WHAT THE EXERCISE ASKS: From the line below containing "Turquoise Flower Bolo" to the final line, print each line exactly as written. No pictures belong in the copy.
** DATA follows **
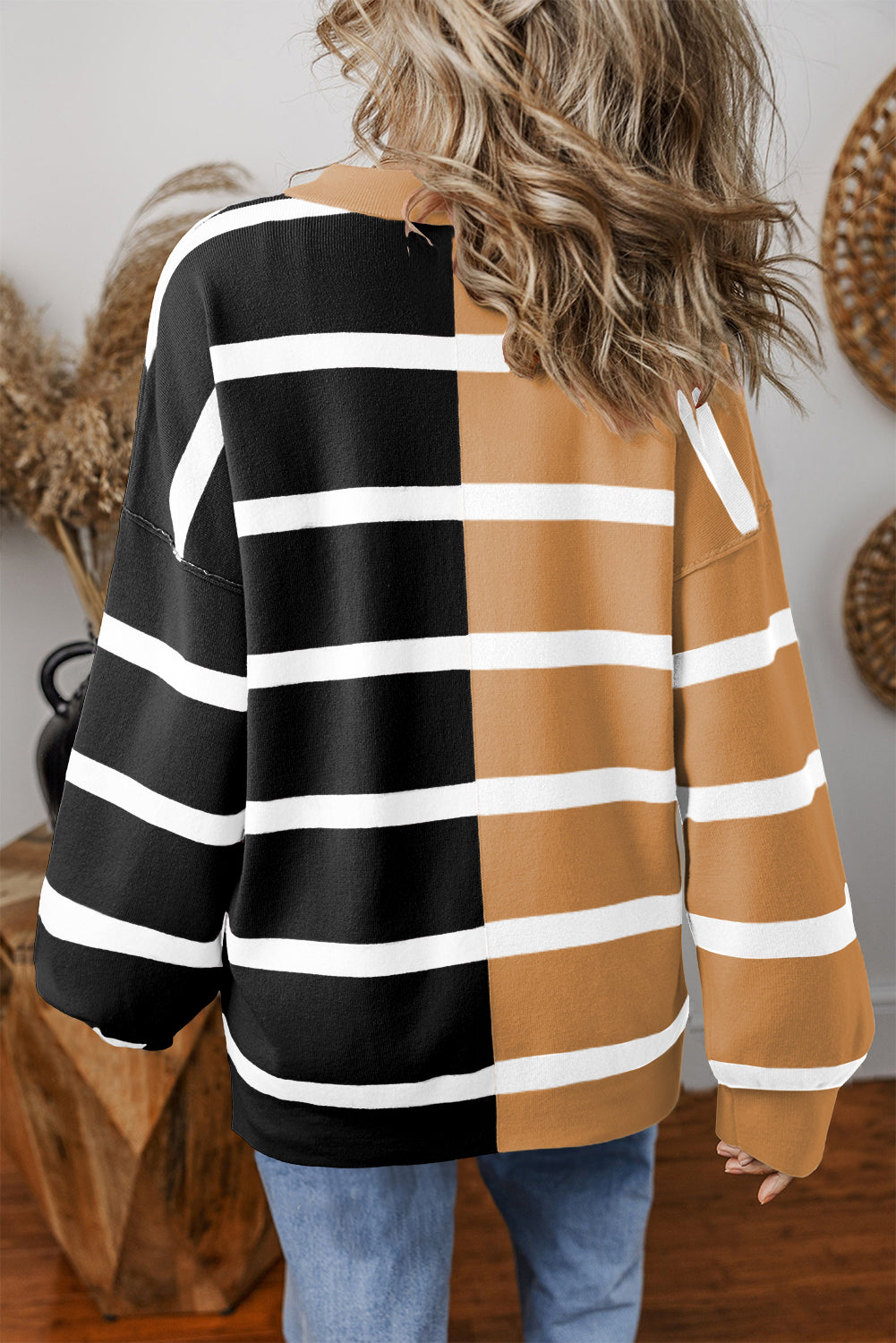Beige Black White Colorblock Oversized Sweater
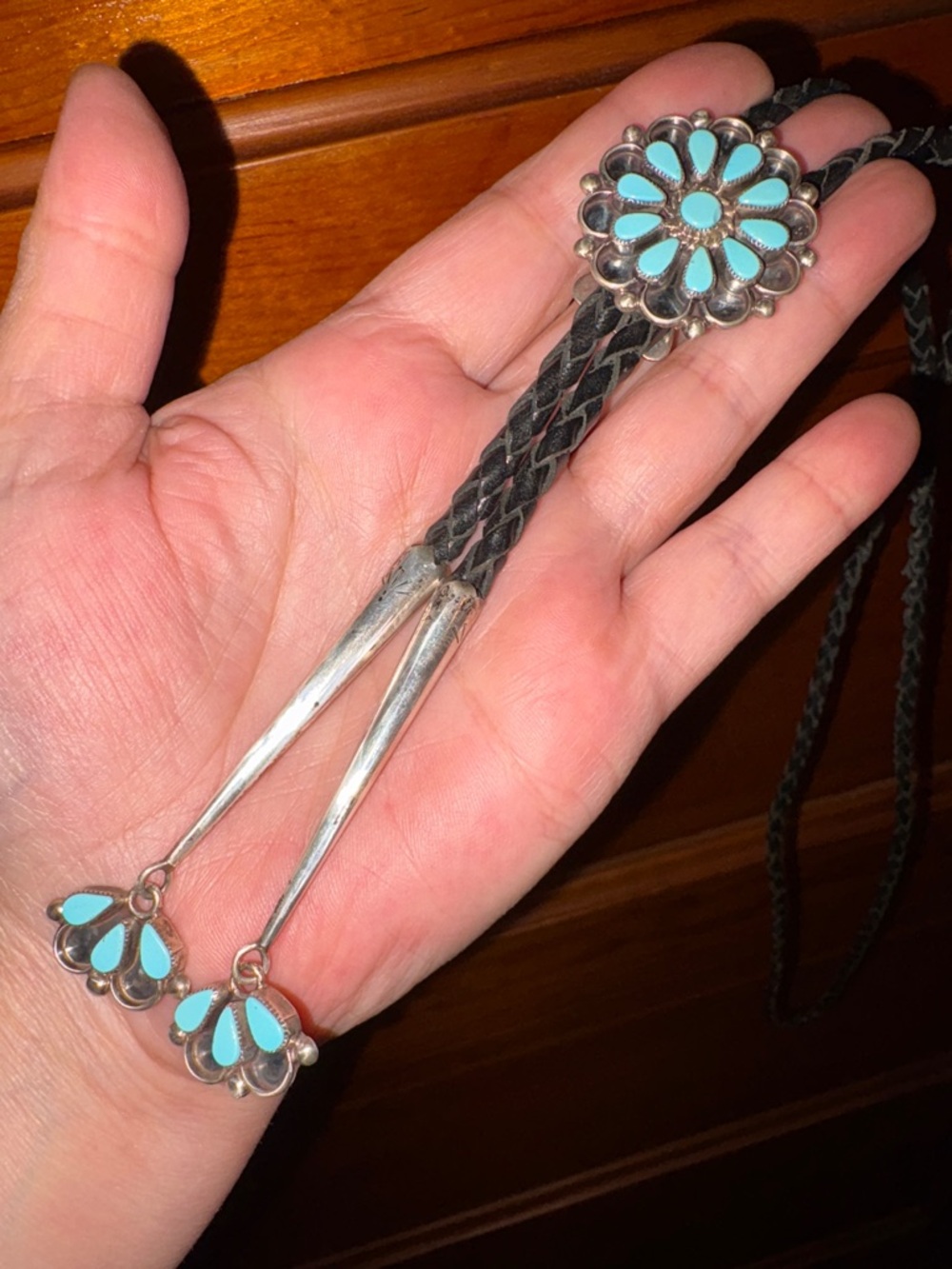 Turquoise Flower Bolo Tie with Braided Black Leather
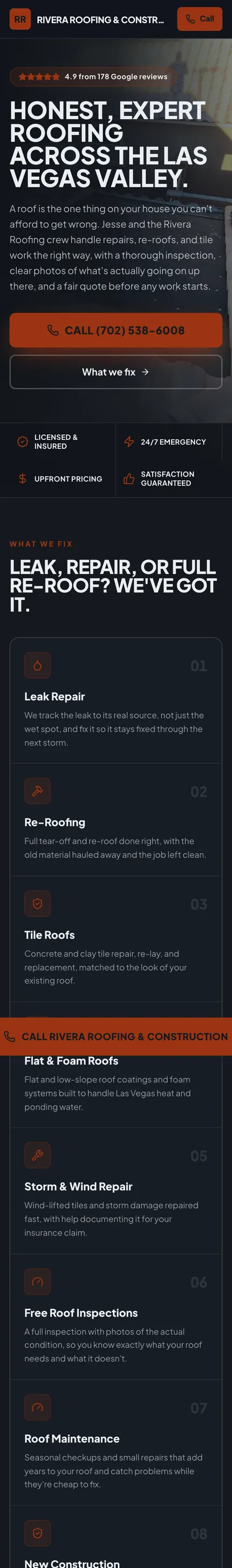 Rivera Roofing website, built by Delvixo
** End of DATA **
ANSWER TO THIS TASK:
 Turquoise Flower Bolo Tie with Braided Black Leather
 Rivera Roofing website, built by Delvixo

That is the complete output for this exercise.